▶ Exercise: In the records below, find the line with "一之江1丁目戸建 【コンビニエンスストア】セブンイレブン 江戸川春江町3丁目店まで649ｍ", then copy each line exactly until you have copied the line with "Muž používající chytrý". Leave any picture out.

▶ Recorded information:
Start of Block

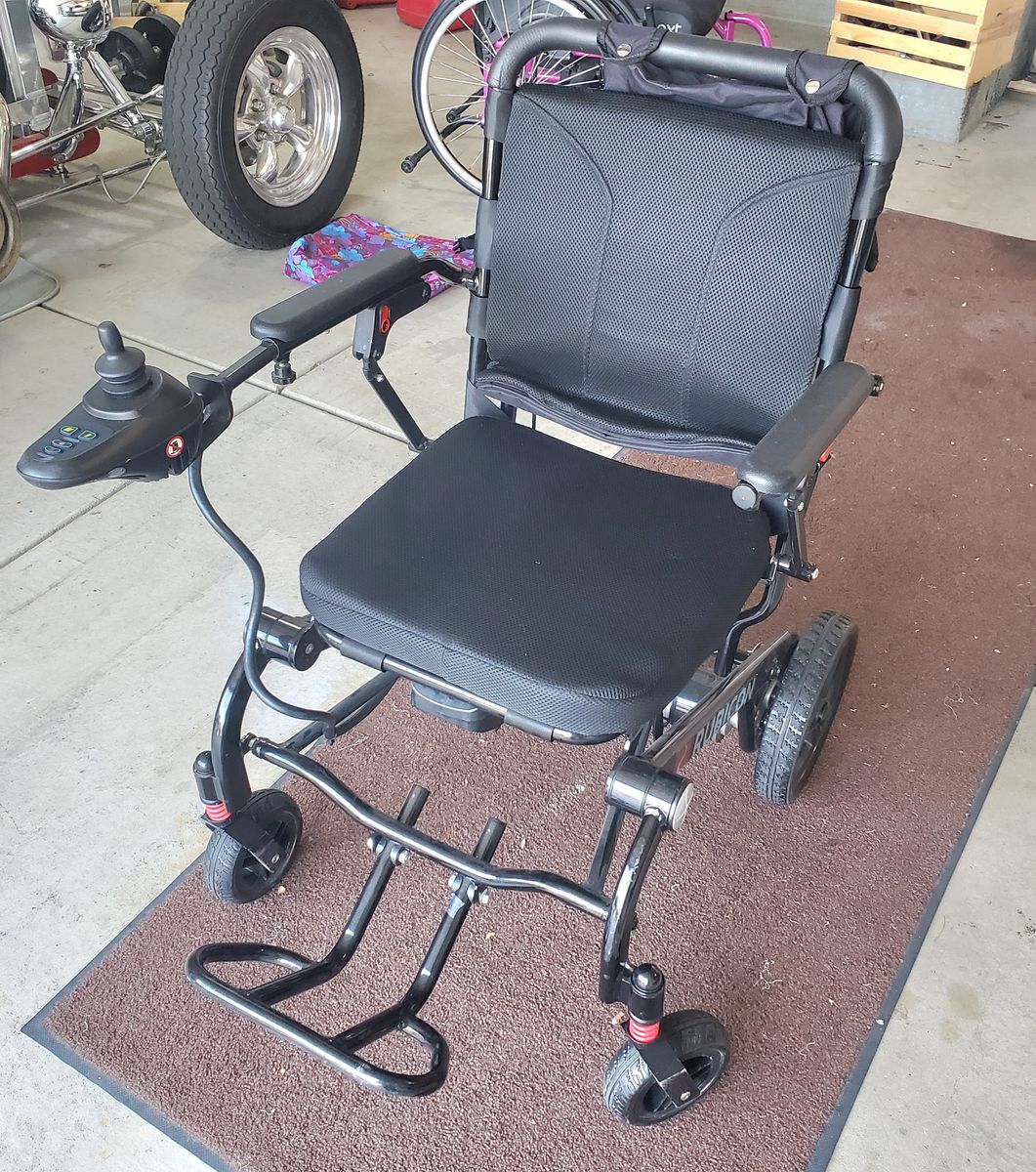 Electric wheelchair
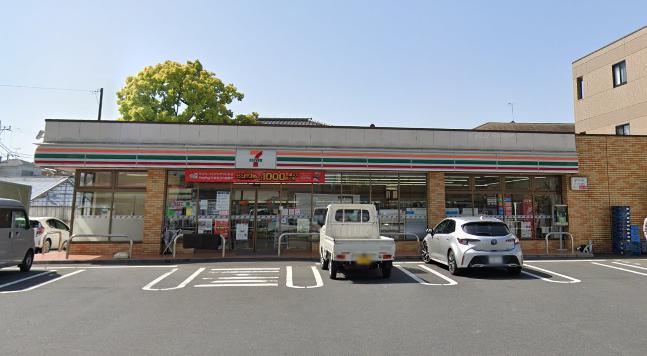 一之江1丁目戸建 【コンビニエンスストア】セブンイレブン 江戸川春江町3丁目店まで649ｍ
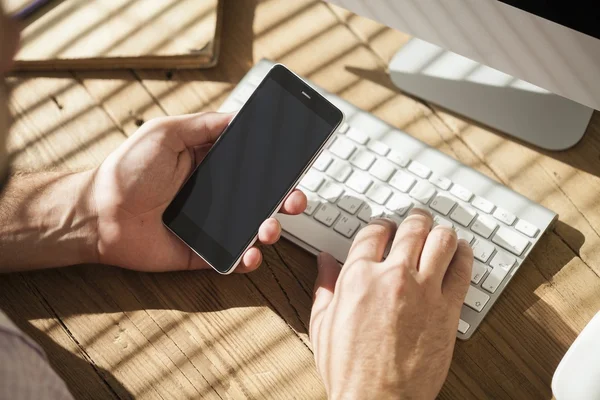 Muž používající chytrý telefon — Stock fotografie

End of Block
Start of Block

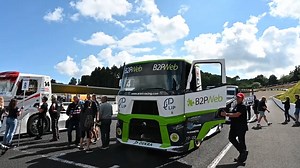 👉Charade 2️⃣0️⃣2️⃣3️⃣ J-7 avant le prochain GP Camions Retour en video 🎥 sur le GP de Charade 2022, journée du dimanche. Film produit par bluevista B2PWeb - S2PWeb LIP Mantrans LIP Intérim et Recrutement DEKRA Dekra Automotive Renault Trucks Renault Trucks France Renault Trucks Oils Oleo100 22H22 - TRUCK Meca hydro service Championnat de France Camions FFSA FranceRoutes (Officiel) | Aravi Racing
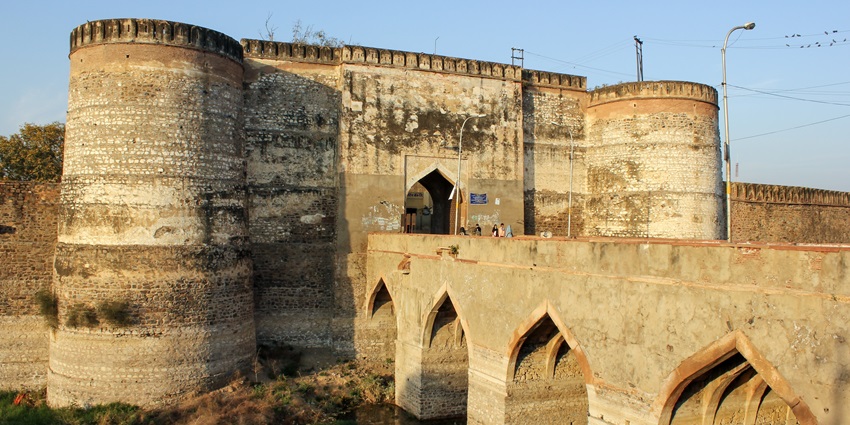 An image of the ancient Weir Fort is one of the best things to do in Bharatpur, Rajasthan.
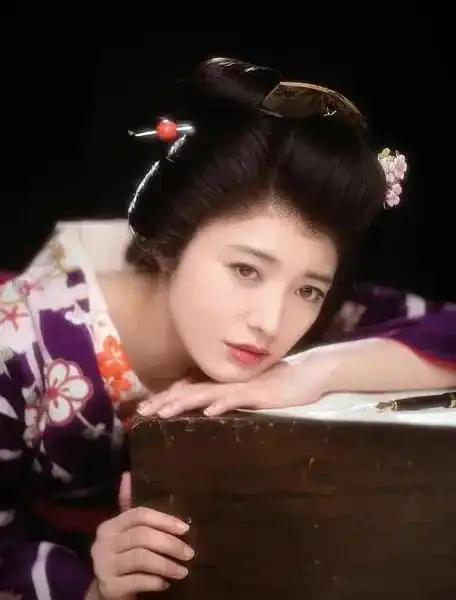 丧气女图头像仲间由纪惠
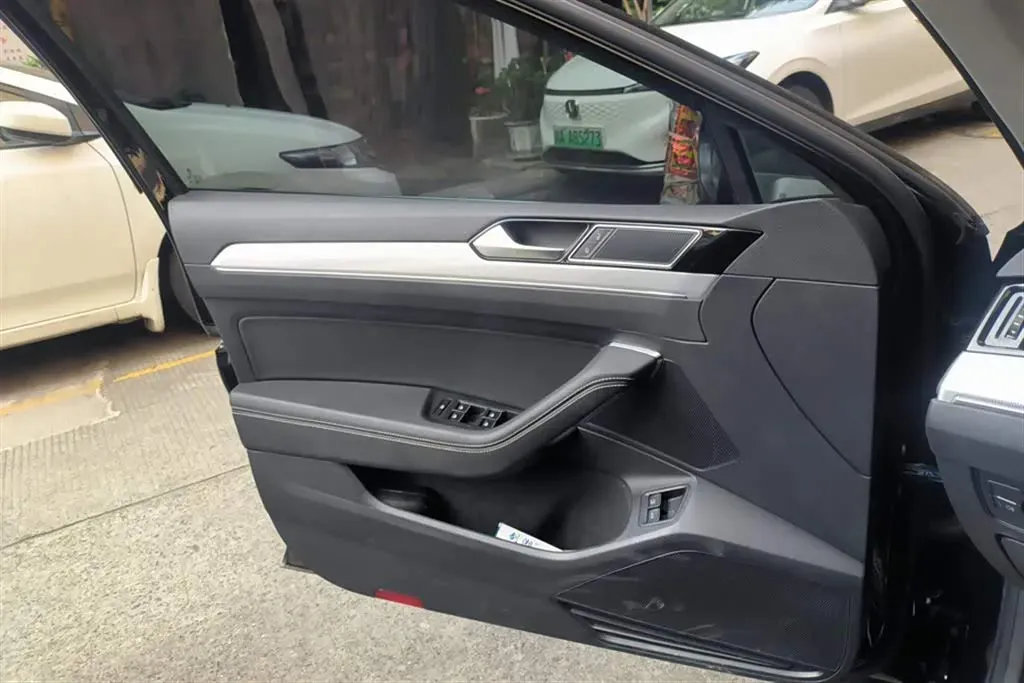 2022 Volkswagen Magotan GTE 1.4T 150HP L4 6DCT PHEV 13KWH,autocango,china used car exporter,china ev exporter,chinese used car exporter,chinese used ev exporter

End of Block
Start of Block

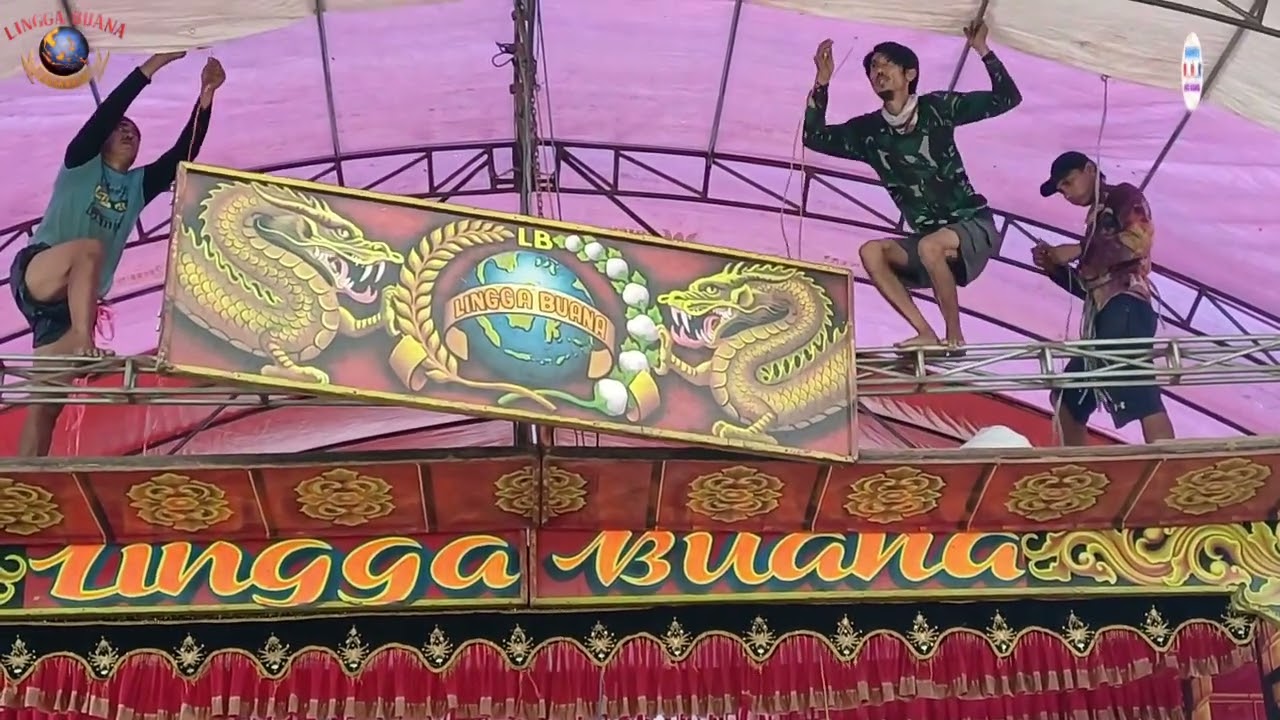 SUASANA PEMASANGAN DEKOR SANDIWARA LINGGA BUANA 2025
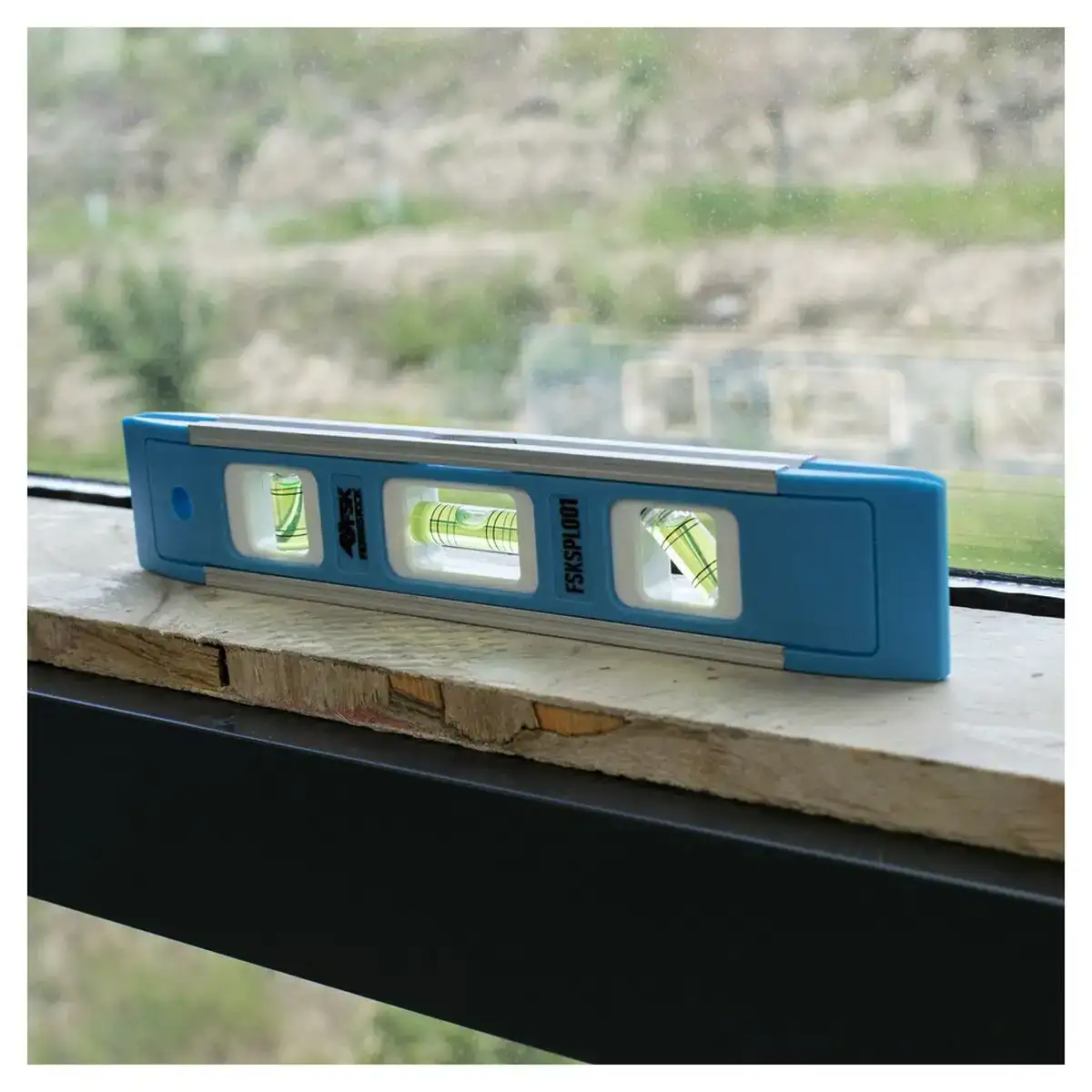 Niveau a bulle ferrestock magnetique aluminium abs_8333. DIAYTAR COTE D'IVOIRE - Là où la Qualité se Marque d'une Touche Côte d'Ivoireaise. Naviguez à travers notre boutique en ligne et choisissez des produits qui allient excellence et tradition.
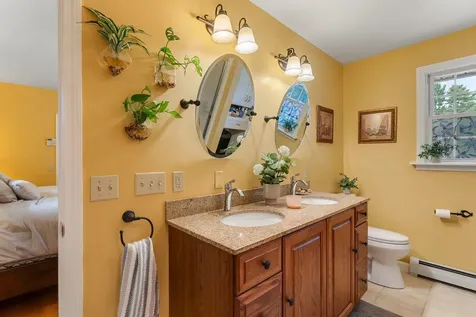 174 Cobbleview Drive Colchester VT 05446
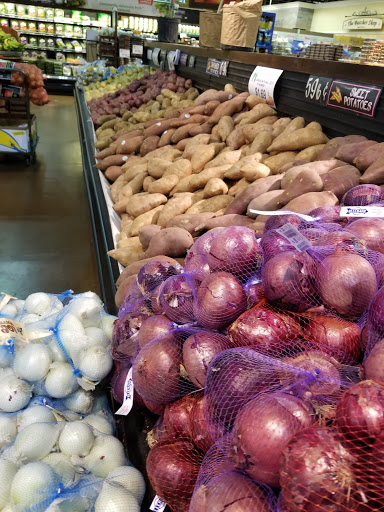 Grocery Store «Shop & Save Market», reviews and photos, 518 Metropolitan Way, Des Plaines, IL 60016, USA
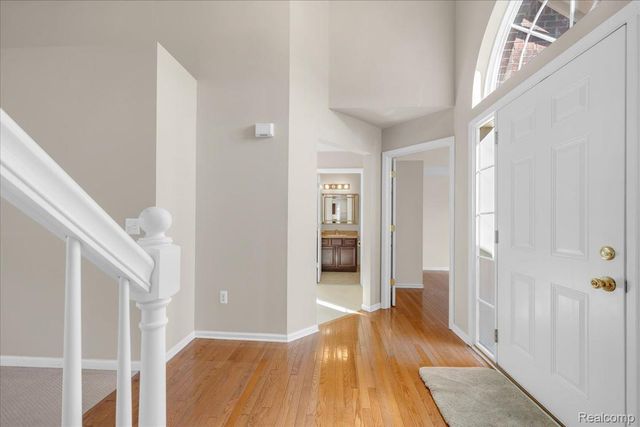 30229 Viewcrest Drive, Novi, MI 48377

End of Block

▶ Task solution:
 一之江1丁目戸建 【コンビニエンスストア】セブンイレブン 江戸川春江町3丁目店まで649ｍ
 Muž používající chytrý telefon — Stock fotografie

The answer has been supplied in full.